DESCRIPTION OF THE TASK:
Keep only the lines that hold the string "Silver", filtering out the rest of the entries below.

DATA FOR ANALYSIS:
----

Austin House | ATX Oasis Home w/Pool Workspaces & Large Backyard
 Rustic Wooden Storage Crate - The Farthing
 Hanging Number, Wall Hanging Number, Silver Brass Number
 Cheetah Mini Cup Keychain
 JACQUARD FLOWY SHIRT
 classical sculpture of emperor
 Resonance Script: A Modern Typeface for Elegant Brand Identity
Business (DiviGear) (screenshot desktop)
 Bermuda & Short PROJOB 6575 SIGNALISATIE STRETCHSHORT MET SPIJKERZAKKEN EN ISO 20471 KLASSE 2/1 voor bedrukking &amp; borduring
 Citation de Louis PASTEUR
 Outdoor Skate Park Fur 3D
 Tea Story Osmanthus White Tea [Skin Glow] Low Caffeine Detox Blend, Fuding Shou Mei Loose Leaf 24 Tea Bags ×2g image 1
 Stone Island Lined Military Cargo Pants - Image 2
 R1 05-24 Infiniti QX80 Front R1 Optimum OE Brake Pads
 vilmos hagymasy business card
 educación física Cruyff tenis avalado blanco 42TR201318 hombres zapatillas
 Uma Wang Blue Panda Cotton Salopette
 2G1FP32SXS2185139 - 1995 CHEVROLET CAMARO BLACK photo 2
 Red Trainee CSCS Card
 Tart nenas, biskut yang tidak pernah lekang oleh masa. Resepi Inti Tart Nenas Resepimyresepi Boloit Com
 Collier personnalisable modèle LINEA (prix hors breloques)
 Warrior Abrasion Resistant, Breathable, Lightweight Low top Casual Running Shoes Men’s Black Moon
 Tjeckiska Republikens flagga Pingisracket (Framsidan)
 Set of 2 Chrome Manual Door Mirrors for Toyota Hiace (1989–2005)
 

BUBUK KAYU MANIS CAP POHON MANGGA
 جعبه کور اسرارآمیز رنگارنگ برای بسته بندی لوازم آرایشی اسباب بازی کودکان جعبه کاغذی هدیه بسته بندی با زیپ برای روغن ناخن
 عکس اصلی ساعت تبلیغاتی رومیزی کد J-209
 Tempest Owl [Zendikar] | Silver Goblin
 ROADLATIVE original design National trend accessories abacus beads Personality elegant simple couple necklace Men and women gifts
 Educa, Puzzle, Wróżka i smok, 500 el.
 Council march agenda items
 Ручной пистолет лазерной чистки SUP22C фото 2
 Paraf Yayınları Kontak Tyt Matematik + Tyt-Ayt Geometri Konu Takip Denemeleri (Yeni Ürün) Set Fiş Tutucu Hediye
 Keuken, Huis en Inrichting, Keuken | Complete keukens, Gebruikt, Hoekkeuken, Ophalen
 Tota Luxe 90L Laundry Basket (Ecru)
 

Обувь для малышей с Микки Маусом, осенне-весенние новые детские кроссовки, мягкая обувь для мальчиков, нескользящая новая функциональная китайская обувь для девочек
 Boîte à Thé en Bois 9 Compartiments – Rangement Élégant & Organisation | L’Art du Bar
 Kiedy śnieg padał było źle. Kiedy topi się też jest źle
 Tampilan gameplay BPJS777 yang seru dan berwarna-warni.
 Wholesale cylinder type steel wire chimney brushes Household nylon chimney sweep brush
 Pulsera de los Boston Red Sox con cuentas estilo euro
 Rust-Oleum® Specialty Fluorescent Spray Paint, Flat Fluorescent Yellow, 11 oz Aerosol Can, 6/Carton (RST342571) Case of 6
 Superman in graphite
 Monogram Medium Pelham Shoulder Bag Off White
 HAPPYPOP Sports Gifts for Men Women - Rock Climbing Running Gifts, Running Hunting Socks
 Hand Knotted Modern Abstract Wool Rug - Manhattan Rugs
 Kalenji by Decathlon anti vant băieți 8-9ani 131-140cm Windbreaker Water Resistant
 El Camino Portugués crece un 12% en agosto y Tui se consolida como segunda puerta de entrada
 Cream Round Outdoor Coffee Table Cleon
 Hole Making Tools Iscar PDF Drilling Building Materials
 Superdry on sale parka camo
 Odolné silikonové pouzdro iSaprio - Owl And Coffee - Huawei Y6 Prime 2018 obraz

----

TASK SOLUTION:
 Hanging Number, Wall Hanging Number, Silver Brass Number
 Tempest Owl [Zendikar] | Silver Goblin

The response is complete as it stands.